The following certificates are used by OnBase or AD FS to complete authentication. Make sure you have the required certificates before attempting configuration.
-
AD FS SSL: The SSL certificate used by IIS on the AD FS server to encrypt traffic. It is required. The private key resides on the AD FS server, and the OnBase Web Server and the client machine must trust the issuer (ROOT CA) of the certificate.
-
Token Encryption: The certificate used by AD FS to encrypt the token sent to the client. It is not required but it is recommended.
-
Token Signing: The certificate used by AD FS to sign SAML tokens. It is required. The the public key resides on the OnBase Web Server.
-
Request Signing: The certificate used by OnBase to sign the request sent to the AD FS server. It is not required but it is recommended.
-
Web Server SSL: The SSL certificate used by IIS on the OnBase Web Server to encrypt traffic. It is required. The private key resides on the OnBase Web Server, and the AD FS server and the client machine must trust the issuer (ROOT CA) of the certificate.
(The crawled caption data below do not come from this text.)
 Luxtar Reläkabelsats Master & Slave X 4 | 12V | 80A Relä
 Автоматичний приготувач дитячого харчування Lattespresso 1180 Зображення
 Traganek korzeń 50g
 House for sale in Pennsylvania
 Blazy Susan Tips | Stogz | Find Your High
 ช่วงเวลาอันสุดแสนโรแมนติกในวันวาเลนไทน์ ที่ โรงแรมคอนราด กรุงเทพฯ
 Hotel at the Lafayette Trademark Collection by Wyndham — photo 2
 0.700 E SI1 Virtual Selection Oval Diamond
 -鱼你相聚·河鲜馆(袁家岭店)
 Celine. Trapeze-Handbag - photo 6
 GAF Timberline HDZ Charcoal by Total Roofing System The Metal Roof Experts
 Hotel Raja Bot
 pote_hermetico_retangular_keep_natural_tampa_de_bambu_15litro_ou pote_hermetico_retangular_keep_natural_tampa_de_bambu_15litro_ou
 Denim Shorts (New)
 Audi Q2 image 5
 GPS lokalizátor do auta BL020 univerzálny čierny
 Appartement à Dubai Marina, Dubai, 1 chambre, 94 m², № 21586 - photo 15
OnBase using AD FS authentication does not support CNG (Cryptographic Next Generation) certificates.
All certificates should be in the local computer account. If the OnBase Application Server is on a different machine from the OnBase Web Server, the certificates on both servers must match.
All private keys should be stored in the Local Computer\Personal certificate store. Private keys in that store should have a matching public key stored in either the Local Computer\Trusted Root Certification Authorities or Local Computer\Trusted People certificate stores. All other public keys should be stored in the Local Computer\Trusted People certificate store.
The Application Pool Identity account or impersonation account configured for the servers requires Read access to the certificates.
Certificate thumbprints are used to correctly identify the certificate to use for communication. The thumbprint value can be found in the certificate manager.